Je le priai de nous dire comment il était tombé dans cette déplorable condition, et il reprit :

« Il y a cinquante ans, j’étais un puissant seigneur et j’habitais Alger. J’avais assez de fortune pour ne faire aucun commerce ; mais, poussé par la soif du lucre et pensant d’ailleurs pouvoir me livrer plus aisément ainsi à mes penchants déréglés, j’équipai un navire avec lequel je me mis à faire la course. Je menais ce train de vie depuis quelque temps déjà, lorsque je pris un jour à mon bord, à Zante, un pauvre derviche qui revenait de la Mecque. Mes compagnons et moi nous étions de rudes gens, et nous avions fort peu de souci de la sainteté du bonhomme. Plus d’une fois même il fut, de notre part, l’objet d’indécentes moqueries qu’il supportait toujours avec douceur, se contentant de nous en reprendre doucement. Mais un jour où j’avais bu outre mesure, et que dans son saint zèle il me reprochait les dérèglements de ma conduite, la colère me saisit, je l’abattis à mes pieds et lui plantai mon poignard dans la gorge. En expirant il nous maudit tous et nous condamna, moi et mon équipage, à ne pouvoir ni vivre ni mourir, jusqu’à ce que notre tête eût été couverte de terre. Nous lançâmes le malheureux derviche à la mer en nous raillant de ses menaces ; mais la nuit n’était pas encore achevée, qu’elles avaient déjà reçu leur épouvantable accomplissement. Une partie de l’équipage, entraînée par mon lieutenant, se révolta contre moi, et nous nous battîmes avec une rage inouïe, jusqu’à ce que tous ceux qui s’étaient rangés de mon parti fussent couchés à mes pieds. Pour moi, je fus cloué au grand mât par ces forcenés, qui ne tardèrent pas à succomber eux-mêmes aux graves blessures qu’ils avaient reçues ; et bientôt mon navire ne fut plus qu’un immense tombeau !
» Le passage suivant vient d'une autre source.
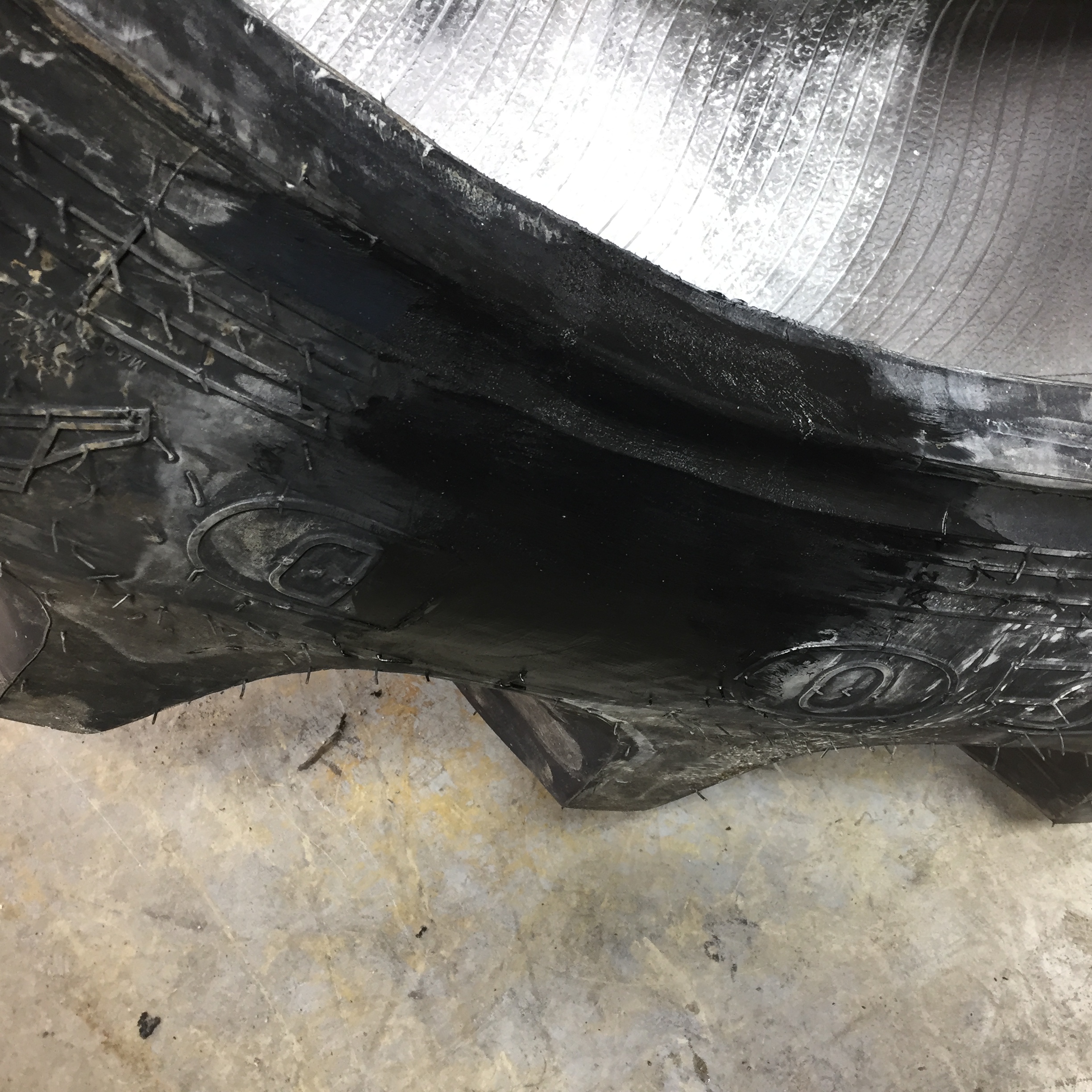 520/85R46 Goodyear Farm Special Sure Grip Radial TD8 R-2 Tire s002889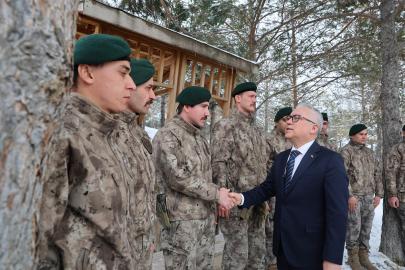 PÖH Timleri Suriye'ye Dualarla Uğurlandı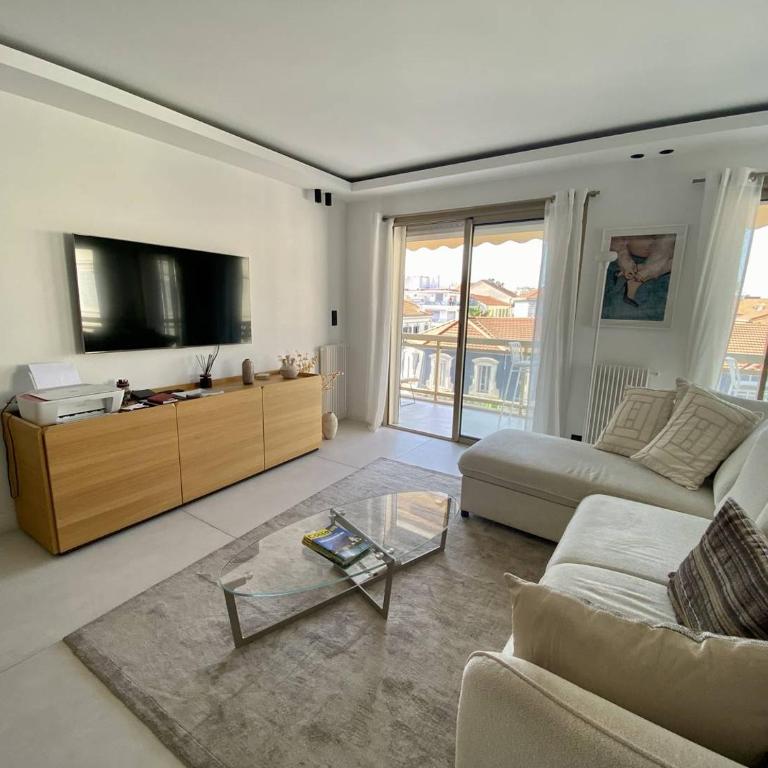 Cannes - Banane - 3P Lumineux avec terrasse et vue dégagée sur la ville - Appartement 2 Chambres avec Balcon - 8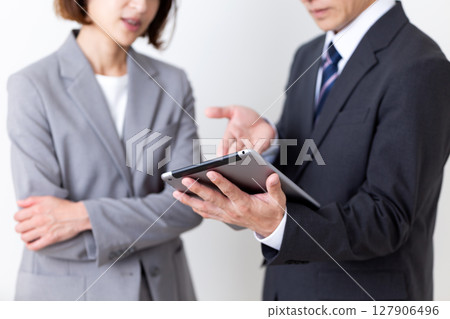 穿西裝的中年男性商人和女商人 127906496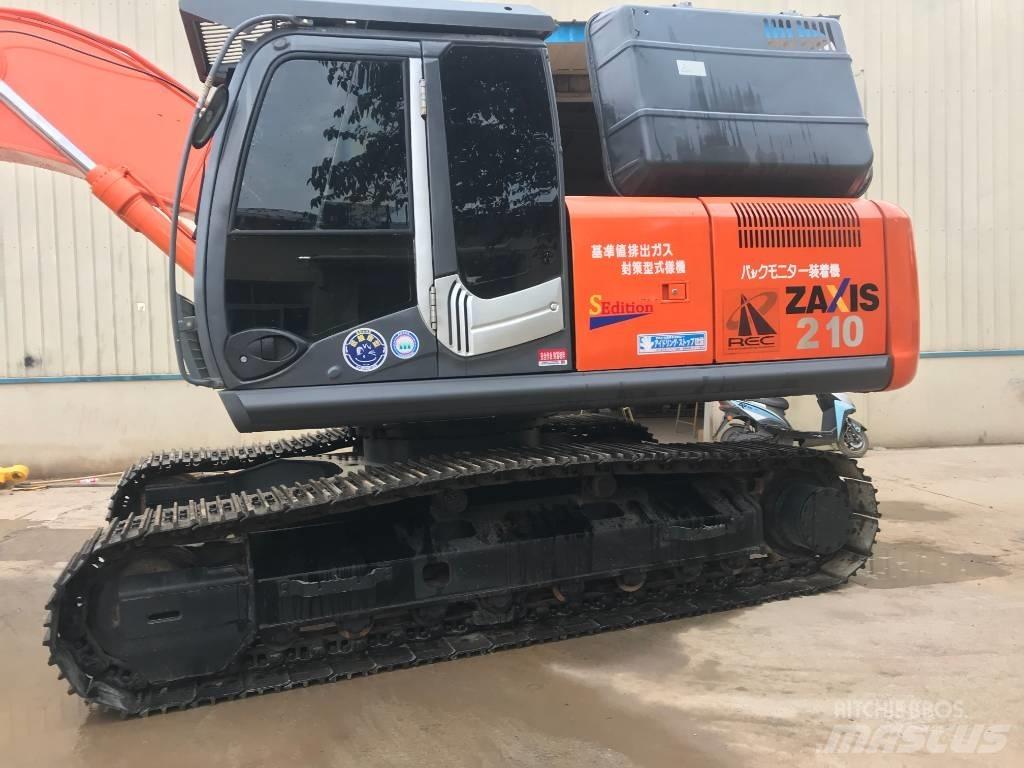 Hitachi ZX 210 Escavadoras de rastos
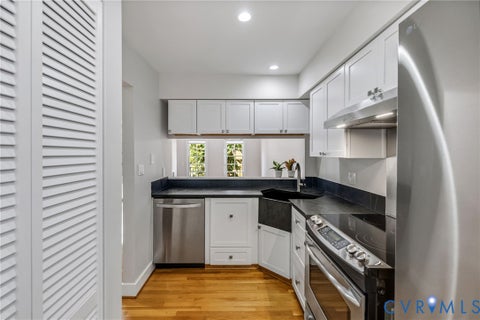 Tiny photo for 101 N 25th Street, Richmond, VA 23223 (MLS # 2627747)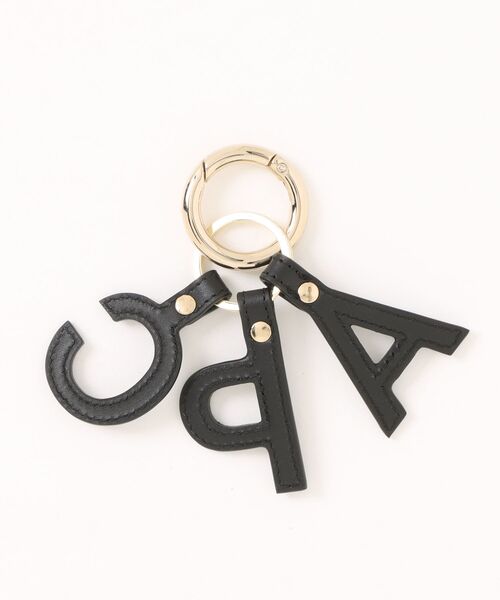 A.P.C.（アーペーセー）の「PORTE-CLEFS LETTRES APC（キーホルダー・レディース・ブラック・ONESIZE）」の2枚目の写真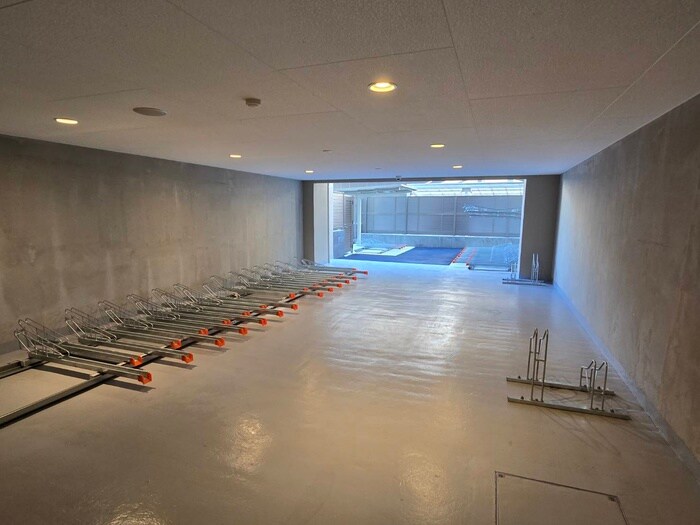 物件外観写真5　(駐輪場)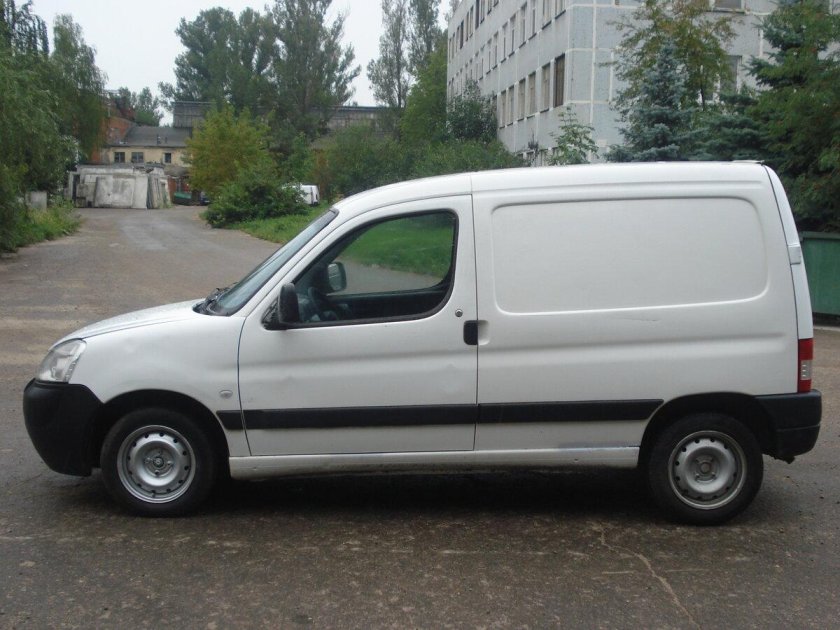 Пежо партнер белый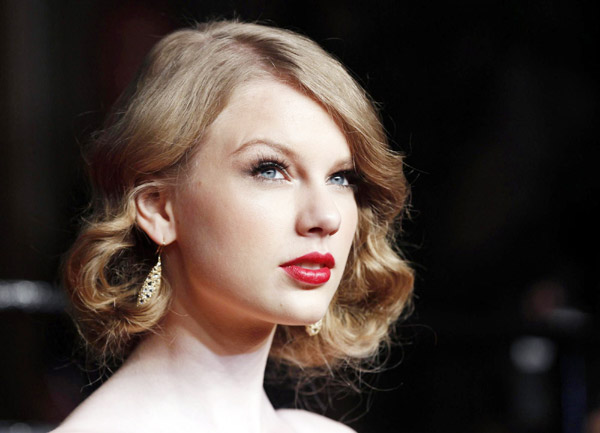 Taylor Swift named money maker of 2011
« Mes yeux se fermèrent, ma respiration s’arrêta ; je crus mourir, mais hélas ! ce n’était qu’une sorte d’engourdissement passager qui m’avait saisi. La nuit suivante, à la même heure où nous avions lancé le derviche à la mer, je me réveillai et tous mes compagnons avec moi : la vie nous était rendue pour quelques heures, mais sans que nous pussions rien faire ni rien dire que ce que nous avions dit et fait pendant cette lugubre nuit.

« Ce supplice horrible a duré cinquante années !…

« C’était avec une joie sauvage que nous nous lancions, toutes voiles dehors, dans la tempête, espérant qu’enfin les éléments seraient plus forts que l’anathème du derviche, et que nous pourrions nous briser sur quelque écueil.